▶ AVAILABLE DATA
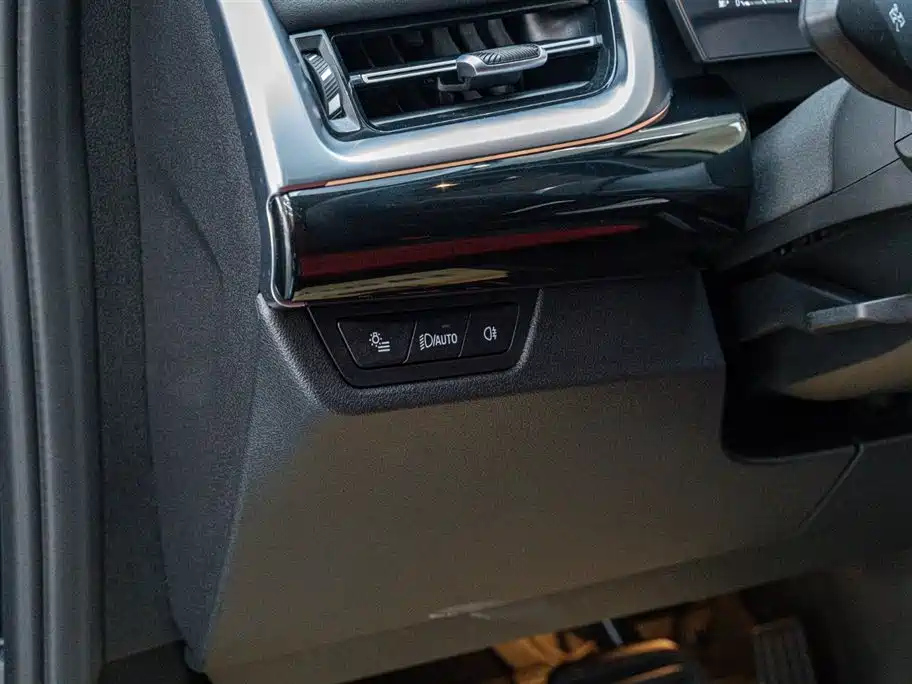 BMW X1 2025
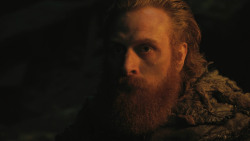 extant_GameOfThrones_8x01-Winterfell_5207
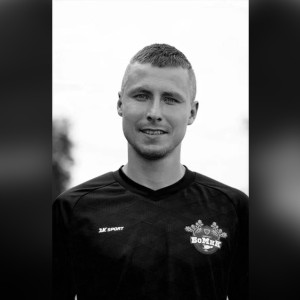 В Сочи 30-летнего футболиста нашли мертвым на берегу моря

▶ YOUR INSTRUCTIONS
Repeat each line above exactly as it reads, omitting any pictures.

▶ ANSWER FOR THE TASK
 BMW X1 2025
 extant_GameOfThrones_8x01-Winterfell_5207
 В Сочи 30-летнего футболиста нашли мертвым на берегу моря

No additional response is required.